As primeiras memórias de Domingos Alexandre Pires, irmão mais novo de 51 anos, começam apenas nos anos 80 do século passado, mas com ainda bem presente a imagem da mãe e da tia de giga à cabeça carregada de flores que iam buscar à outra margem do Douro, em Vila Nova de Gaia. Era nessas gigas que Lurdes dormia num tempo em que a cumplicidade entre comerciantes do Bolhão era diferente, “mais aconchegante”.


Hoje, é tudo muito diferente.

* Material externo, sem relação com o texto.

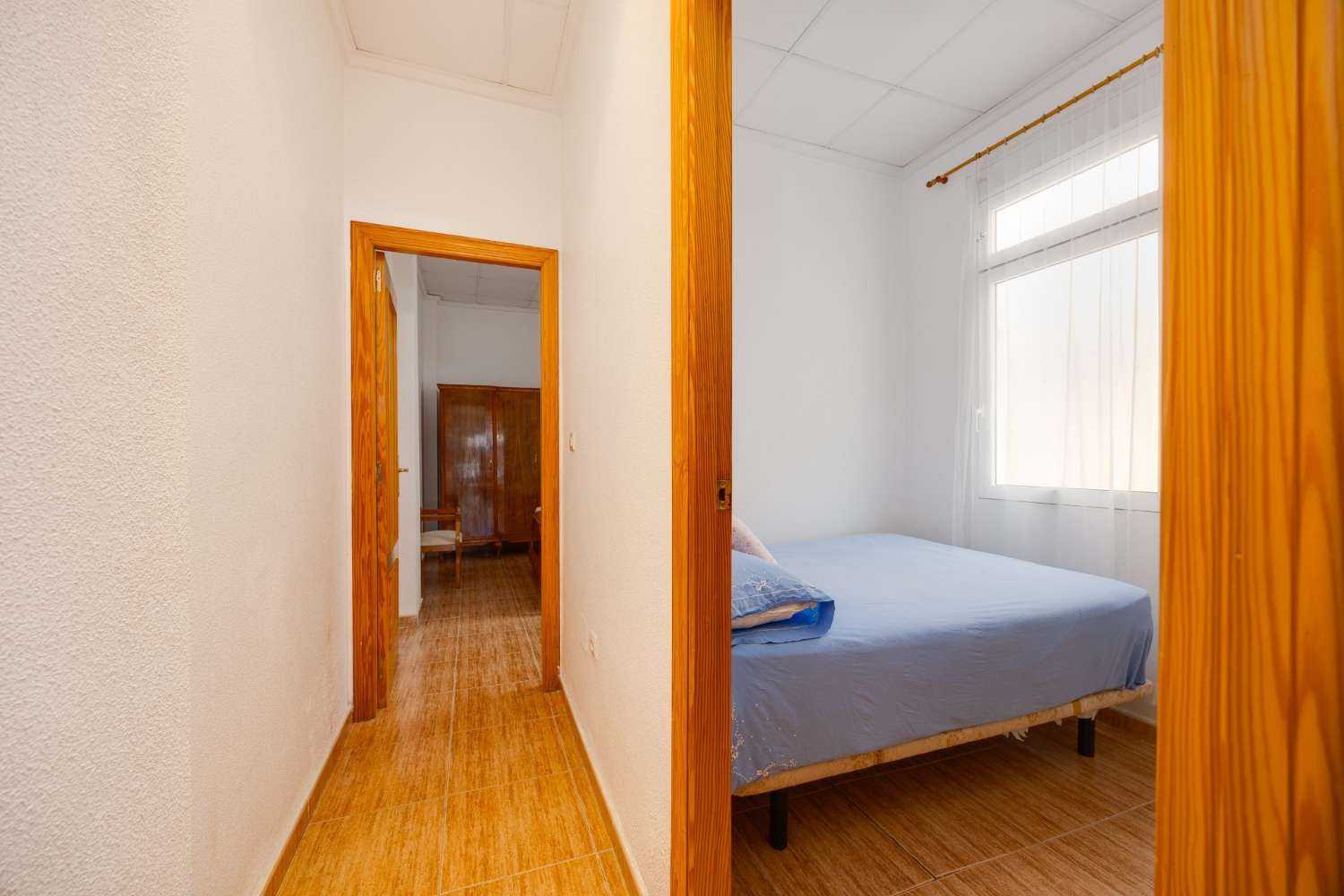 STUEETAGE FÅ METER FRA PLAYA DEL CURA, TORREVIEJA – 3 SOVEVÆRELSER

Apenas “10 ou 12 comerciantes” sobreviveram à competitividade do aluguer dos espaços que começou a surgir no início dos anos 2000. Mas os vários espaços que a mãe detinha, incluindo um em nome de Lurdes há 39 anos, permitiram à irmã mais velha percorrer Portugal de norte a sul, durante duas décadas, a vender as mesmas flores que Argentina vendia no mercado. “Mas em 2008 tive de voltar à estaca zero, porque o mercado das flores estava em queda”. É por essa altura que, com o turismo em exponencial crescimento, a mãe começa a apostar mais em ímanes, cortiça e artesanato: artigos mais apelativos ao cliente estrangeiro. E, em 2015, já com total autonomia, decide apostar nas toalhas que vêm de fornecedores de Guimarães e em porcelana de Alcobaça que vai “comprar todos os domingos”. E a quem os vende? “Não é a pessoas do Porto, que portugueses já só vêm cá as antigas”.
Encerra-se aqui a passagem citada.